How Marketers Can Adapt to Today’s Retail Landscape
Jul 28 2023
The days of shopping exclusively in-store are behind us, but suggesting that “everybody shops online” falls far short of accurately describing today’s retail landscape. The reality is much more complex, with shoppers actively researching online while browsing in brick-and-mortar stores, purchasing directly through social media platforms, and ultimately engaging in omnichannel shopping experiences of their own creation.
Keep reading to get a better sense of the current state of retail, how marketers are adapting their strategies, and how to optimize your business’s tactics to keep up with these changes.
A Closer Look at the Retail Today
In-person shopping isn’t obsolete, but it’s in a state of decline. Data from the Labor Department shows that “department store sales fell by 2.9% month-over-month in November, the third-straight month of decline,” according to Insider Intelligence. To combat this, luxury retailers are positioning themselves as shopping “destinations” that offer goods and entire retail experiences to be enjoyed in person.
Efforts to revive consumer spending aren’t limited to indoor spaces; retailers are simultaneously ramping up digital strategies to reach ecommerce shoppers. Hootsuite’s Global State of Digital Report 2022 found that over 58% of global Internet users made at least one online purchase every week (with nearly 31% of those purchases happening on a mobile device). With over 2.5 million ecommerce sites to choose from in the US alone, it’s no surprise that experts anticipate the global ecommerce industry topping $8 trillion by 2026.
Marketing to both in-store and digital shoppers is in line with how today’s consumers make purchases. Nielsen reports that 22% of shoppers “plan an in-store shopping trip combined with a prior online order,” and over 85% of consumers make purchases both online and in-store. Those who only shop online (1%) or exclusively in-store (14%) are far from the majority of shoppers; therefore, omnichannel marketing is a must for modern retailers.

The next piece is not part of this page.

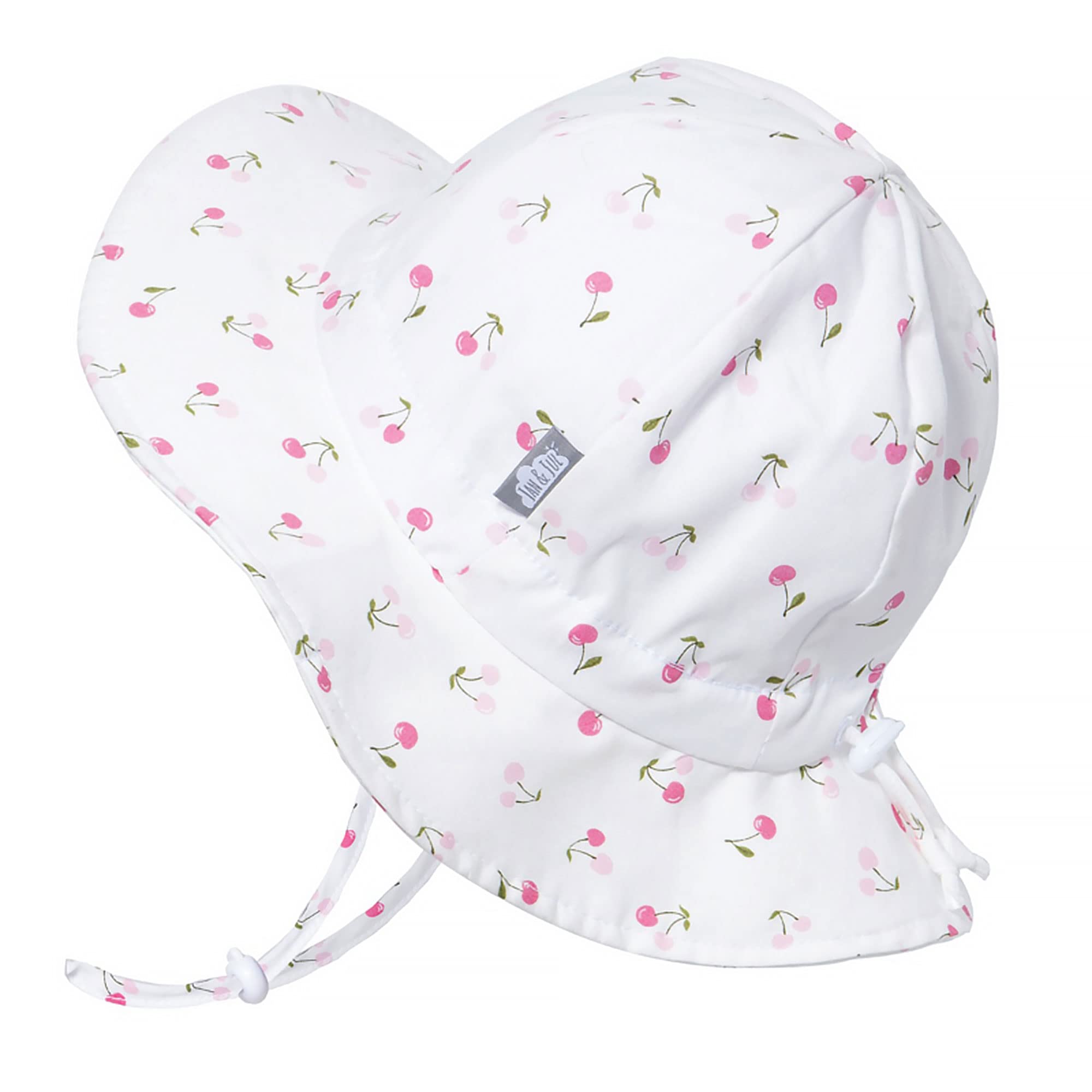 JAN & JUL Baby Beach Floppy Hat Girl 50+ UPF Sun Protection (M: 6-24 Months, Cherries)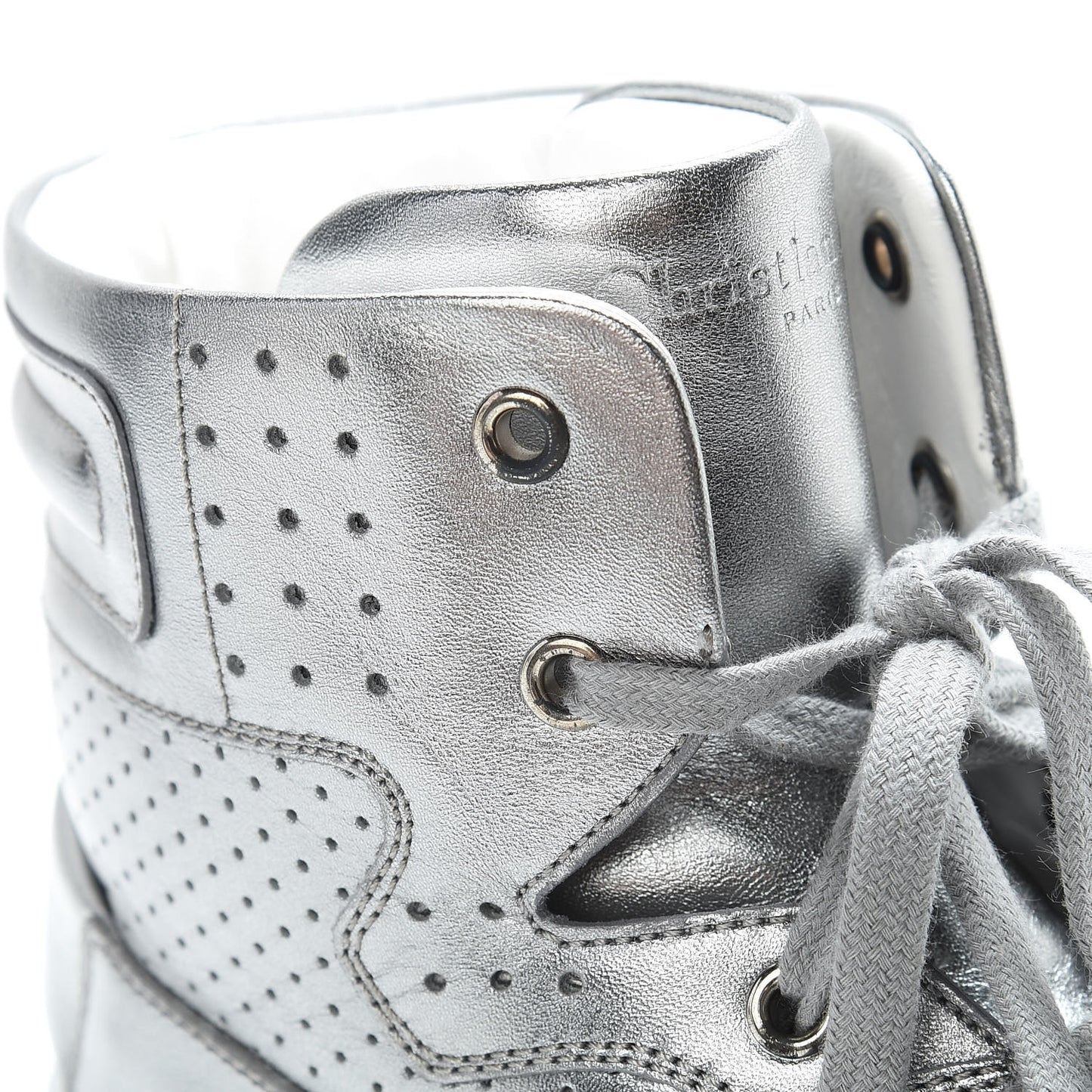 Metallic Calfskin Hip-Dior High Top Sneakers 39 Steel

Tracking Trends and Shifting Strategies
Remaining relevant and financially successful in retail today requires a shift in marketing strategies. Begin by studying audience behaviors in ways that offer more usable insights. For example, Macy’s studies its shoppers’ credit card data to determine financial viability and uncover trends in consumer spending — what are they buying and when? Studying buying patterns also informs pricing and inventory strategies, which can help to guide the direction of future digital campaigns.
This type of approach has likely also revealed social commerce’s increasing popularity. Ecommerce and social commerce purchases are both completed online, but there are important differences. Ecommerce purchases are made through a brand’s online shop on their website. In social commerce, consumers buy items directly from a brand’s social media account. Facebook, Instagram, and TikTok are just some of the platforms where consumers are discovering and purchasing products via social media.
Marketers are capitalizing on this trend by investing heavily in social media ads. Spending on social media advertising was forecasted to exceed $56 billion in 2022, up from $40 billion in 2020.
Strategies to Reach Today’s Retail Shoppers
The significant overlap between in-person and online shoppers tells us that an omnichannel campaign is the most cost-effective way to connect with the greatest percentage of your target audience. When studying data from both of these customer segments, you’re looking for insights that illustrate the differences between online and in-store shopping behaviors in addition to asking the following:
-What percentage of our buyers are shifting toward ecommerce?
-Of our online sales, how many came through social commerce? (if applicable)
-What demographics differentiate online customers from in-store?
-Are there any new or exciting trends we should be aware of?
Not every ecommerce retailer has a brick-and-mortar shop to draw data from. If this applies to your business, study competitors and industry trends to find the insights that can help you strengthen your online presence and digital strategy. The following tactics can help you, too.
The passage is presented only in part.